Und ein Großteil hängt da auch eher an den Serviceleuten als am Ski selber... Weltcupski hat mit Volumenski einfach rein gar nichts zu tun wenns um Technologie(vorsprung) geht. Dass ist nur Marketing für die normalen Ski. Wenn es irgendwas in den Serienmarkt schafft, kannst du sicher sein dass es die Konkurrenz im Weltcup auch hat/kennt.
Es gibt bei den Weltcup Fahrer welche die sich selber damit auskennen, und rumtüfteln - oder andere die rein gar nichts wissen, und alles die Serviceleute und Trainer machen lassen. Ich hab mal mit einer sehr erfolgreichen AT Snowboarderin (PGS/PSL) gesprochen - die hatte keine Ahnung von Kantenwinkeln. Sag halt was sie spüren will, aber die technische Seite interessierte sie überhaupt nicht. Andere dagegen sind in die Fabrik gegangen und haben die Holzkerne per Hand ausgesucht vor dem Bau, bzw hier was, dort was ändern wollen.
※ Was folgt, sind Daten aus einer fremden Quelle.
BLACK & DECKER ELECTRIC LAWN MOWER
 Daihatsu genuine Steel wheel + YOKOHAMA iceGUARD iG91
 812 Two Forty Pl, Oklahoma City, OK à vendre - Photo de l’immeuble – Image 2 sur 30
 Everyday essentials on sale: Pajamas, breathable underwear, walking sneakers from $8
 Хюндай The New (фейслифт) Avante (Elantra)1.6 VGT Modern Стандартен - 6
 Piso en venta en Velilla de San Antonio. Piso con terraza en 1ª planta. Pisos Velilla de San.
Am meisten ist das aber die Aufgabe der Serviceleute dass der Rennläufer den passenden Ski hat.


Und Rossignol/Dynastar produziert neben Frankreich auch in Portugal (oder sind nur die FIS Ski aus Portugal? - ich hab FIS Ski Made in France, sowie Made in Portugal von Rossi).
Zuletzt geändert von extremecarver am 24.11.2018 20:00, insgesamt 2-mal geändert.
schnell, riskant, vielseitig bergab
http://openMTBmap.org & www.VeloMap.org

Benutzeravatar
extremecarver
Beiträge: 3512
Registriert: 12.01.2005 15:10
Vorname: Felix
Ski: Raxski Snowrider Powderequipment Swoard Wildschnee
Ski-Level: 999
Skitage pro Saison: 30
Wohnort: Wien
Kontaktdaten:

Re: Skiqualität - "Chinaschrott"?

Beitrag von extremecarver » 24.11.2018 19:29

bezüglich Mittersill:
Die Formkurve zeigt auch beim Unternehmen Blizzard nach oben. Seit dem Einstieg der italienischen Tecnica-Gruppe hat man mit dem Skischuhspezialisten nicht nur sein Portfolio erweitert, man legt auch in der Skiproduktion zu.

Im Stammsitz Mittersill mit 230 Mitarbeitern, wo Blizzard und die Schwestermarke Nordica gebaut werden, liegt man aktuell bei rund 330.000 Paar Ski pro Saison. Zudem habe man in den vergangenen Jahren durch Investitionen ins Premiumsegment die Durchschnittspreise heben können, erklärt Rakuscha. Unterm Strich habe man in vier Jahren den Umsatz bei Ski und Schuhen um 36 Prozent gesteigert.
https://www.sn.at/wirtschaft/oesterreic ... k-23609161

Dass ist eine der größten Skifabriken der Welt - wenn die Zahlen wirklich stimmen. Die Skiindustrie liebt es maßlos die Stückzahlen zu übertreiben.